GE Renewable Energy has an reached an agreement with Veolia North America to recycle blades removed from its US-based onshore turbines during upgrades and repowering projects.
Veolia will process the blades, which are mainly made of fibreglass, for use as a raw material for cement, using a cement kiln co-processing technology.
Blades that have been removed from turbines will be shredded at Veolia’s processing facility in Missouri and then used as a replacement for coal, sand and clay at cement manufacturing facilities across the US.
Similar recycling processes in Europe have been proven to be effective at a commercial scale.
On average, nearly 90% of the blade material, by weight, will be reused as a repurposed engineered material for cement production.

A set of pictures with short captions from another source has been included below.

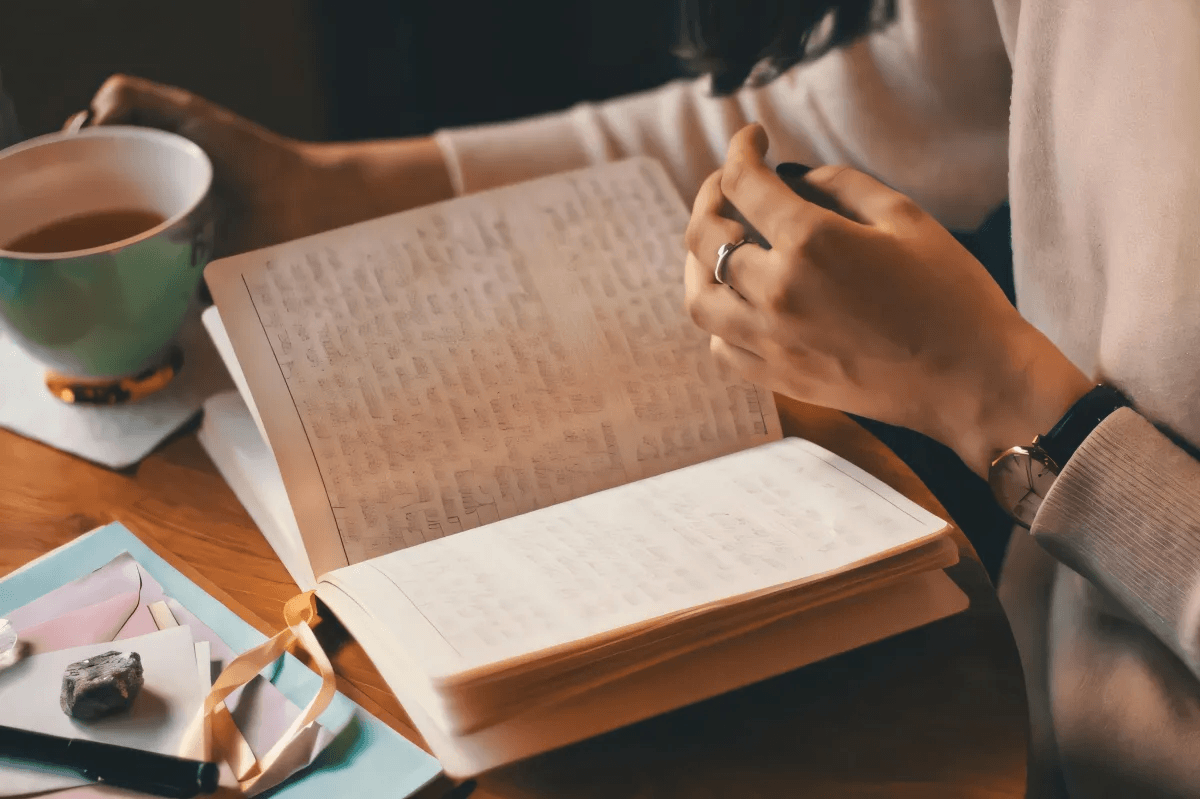 Comment commencer un journal et conserver cette habitude by Kaydee
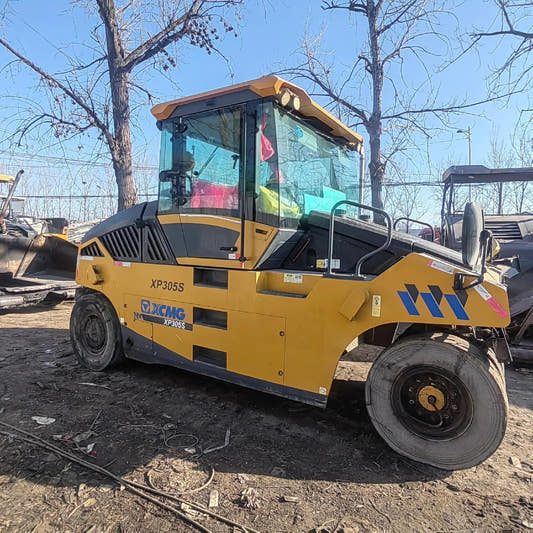 Used XCMG XP305S Road Roller for Sale side view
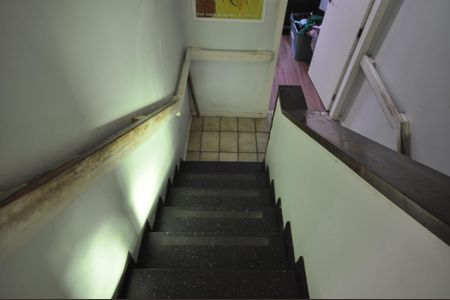 Casa à venda com 200m², 4 quartos e 2 vagasEscada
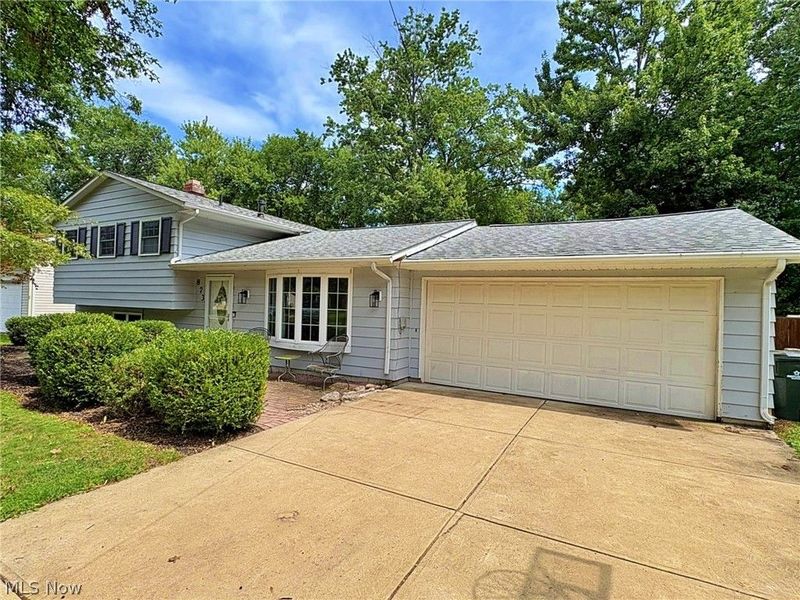 873 W Shore Boulevard, Sheffield Lake, OH 44054 Photo 2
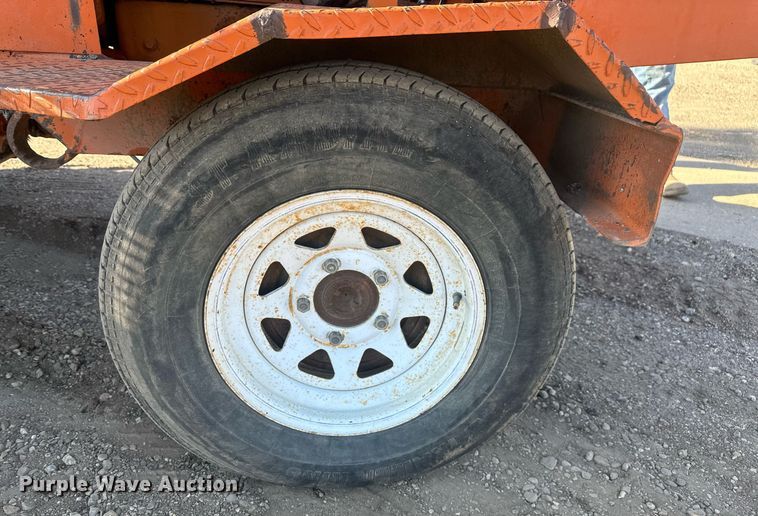 image for item DT7157 1997 Broce Broom RC300 broom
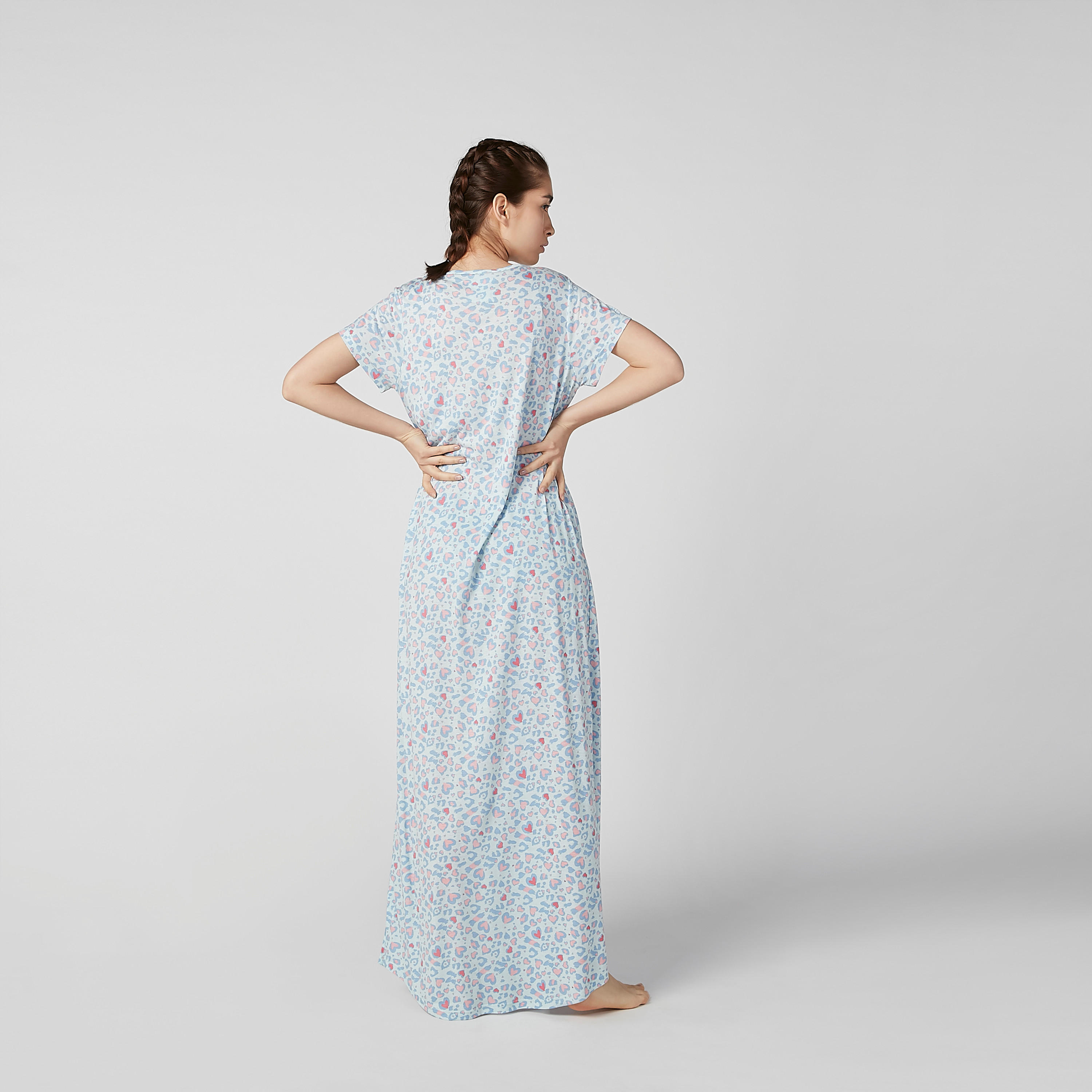 قميص نوم مستدام طويل بأكمام قصيرة وطبعات-women-clothing-nightwear-nighties-image-2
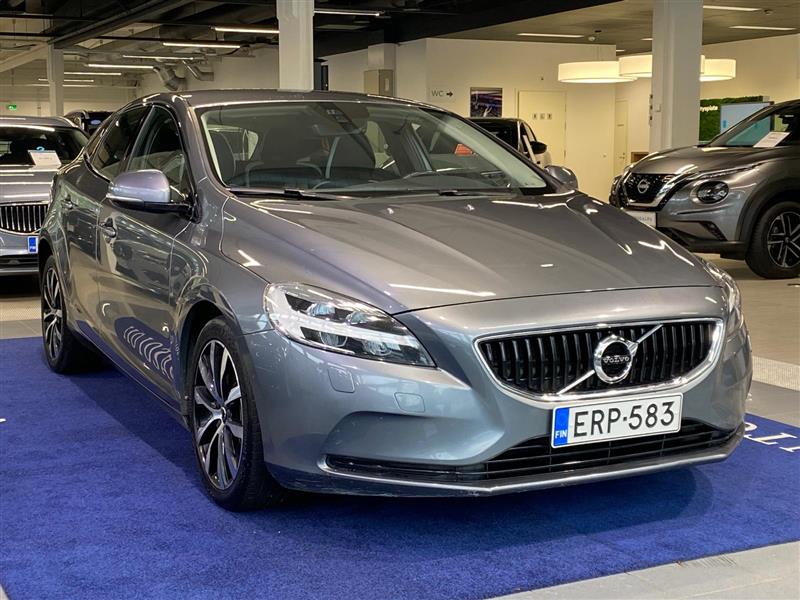 VOLVO V40 2019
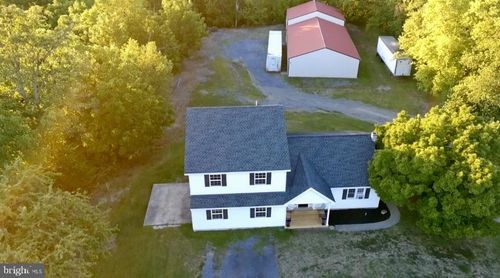 95 Fisher Ave, JONESTOWN, PA, 17038-8200 | Card Image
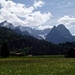 Alpspitze links,Waxensteine rechts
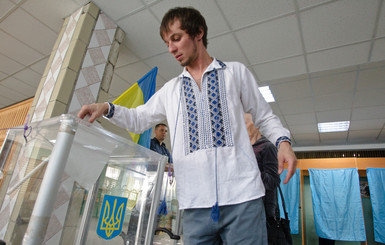Социологи огласили топ-3 партий и кандидатов в президенты Украины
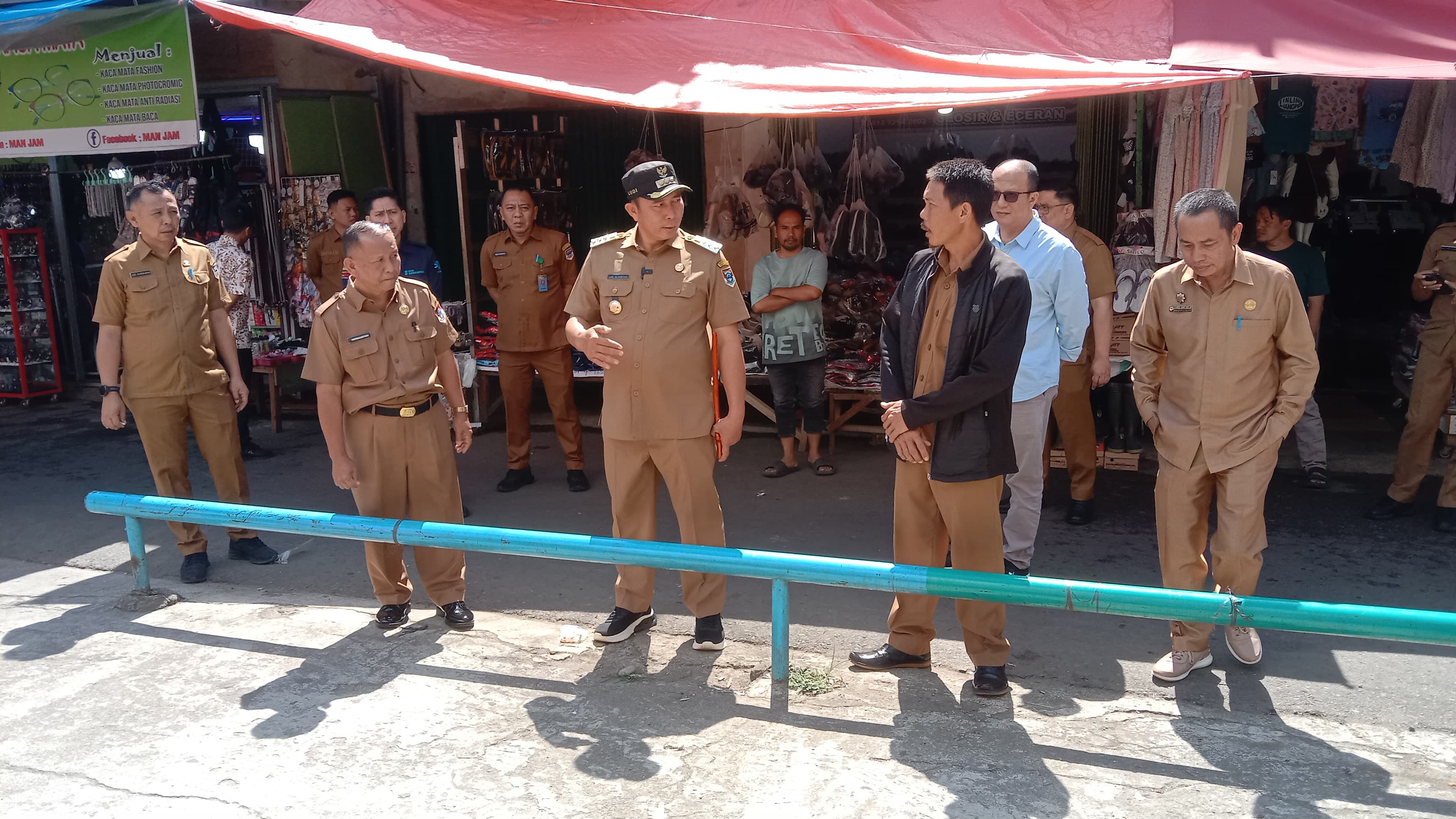 DISPERINDAGKOP & UKM MENDAMPINGI WALI KOTA PAGAR ALAM TINJAU PASAR PAGAR ALAM SQUARE DAN SEJUMLAH ASET DAERAH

More than 65% of the blade weight replaces raw materials that would otherwise be added to the kiln to create the cement, and about 28% of the blade weight provides energy for the chemical reaction that takes place in the kiln.
GE Renewable Energy digital services business CEO Anne McEntee said: “Sustainable disposal of composites such as wind turbine blades has been a challenge, not only for the wind turbine industry, but also for aerospace, maritime, automotive and construction industries.
“VNA’s unique offering provides the opportunity to scale up and deploy quickly in North America, with minimum disruption to customers and significant benefit to the environment.
“We look forward to working with them on this effort to create a circular economy for composite materials.”
In mid-2019 Veolia completed a trial using a GE blade and has processed more than 100 blades so far.
An environmental impact analysis conducted by Quantis US found that the net effect of blade recycling through cement kiln co-processing is positive in all categories.
Compared to traditional cement manufacturing, blade recycling enables a 27% net reduction in CO₂ emissions from cement production and a 13% net reduced water consumption.
In addition, a single wind turbine blade that weighs 7 US tonnes recycled through this process enables the cement kiln to avoid consuming nearly 5 tonnes of coal, 2.7 tonnes of silica, 1.9 tonnes of limestone and nearly a ton of additional mineral-based raw materials.
Largely due to the avoided coal consumption, this type of blade recycling also has a net-positive environmental impact in the categories of human health, ecosystem quality, and resource consumption, Quantis found.